> **Data shown**:
----

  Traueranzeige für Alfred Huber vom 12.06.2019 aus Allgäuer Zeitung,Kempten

----

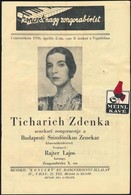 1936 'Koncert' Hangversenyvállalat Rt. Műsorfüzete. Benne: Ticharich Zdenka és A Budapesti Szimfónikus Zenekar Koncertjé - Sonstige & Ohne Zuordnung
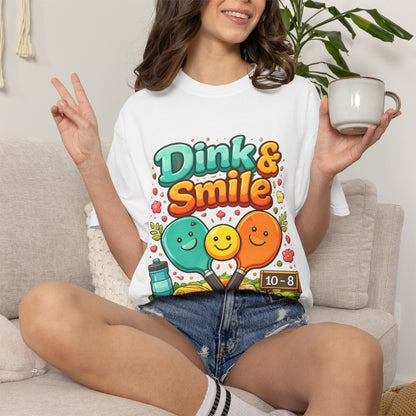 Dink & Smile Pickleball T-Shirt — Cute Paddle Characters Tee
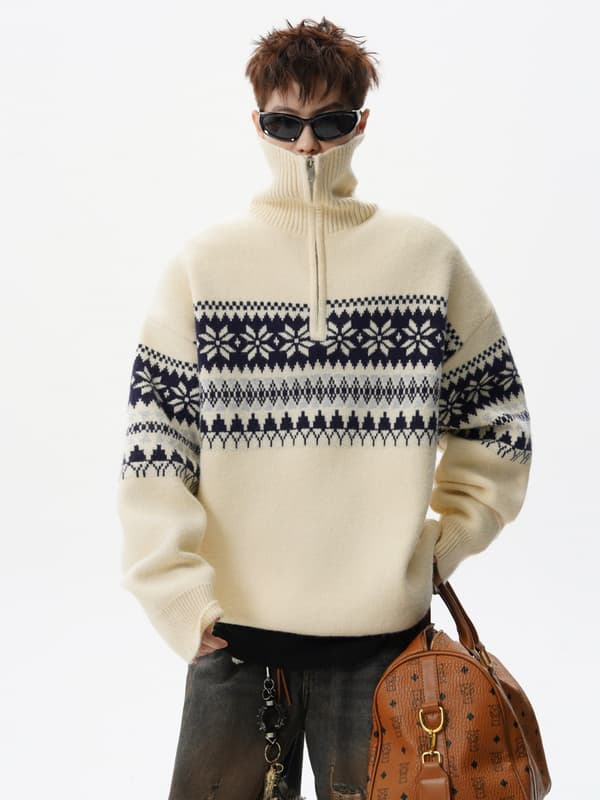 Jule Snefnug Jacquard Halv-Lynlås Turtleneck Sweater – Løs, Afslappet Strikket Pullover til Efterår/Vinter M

----

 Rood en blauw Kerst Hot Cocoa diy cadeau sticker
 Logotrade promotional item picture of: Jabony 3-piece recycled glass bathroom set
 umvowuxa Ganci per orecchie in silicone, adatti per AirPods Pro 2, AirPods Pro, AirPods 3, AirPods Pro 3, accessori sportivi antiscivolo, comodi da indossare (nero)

----

Copy out the range of lines above starting at the line with "Rood en blauw" and ending at the line with "umvowuxa Ganci per", exactly and including both.

> **Solution to this exercise**:
 Rood en blauw Kerst Hot Cocoa diy cadeau sticker
 Logotrade promotional item picture of: Jabony 3-piece recycled glass bathroom set
 umvowuxa Ganci per orecchie in silicone, adatti per AirPods Pro 2, AirPods Pro, AirPods 3, AirPods Pro 3, accessori sportivi antiscivolo, comodi da indossare (nero)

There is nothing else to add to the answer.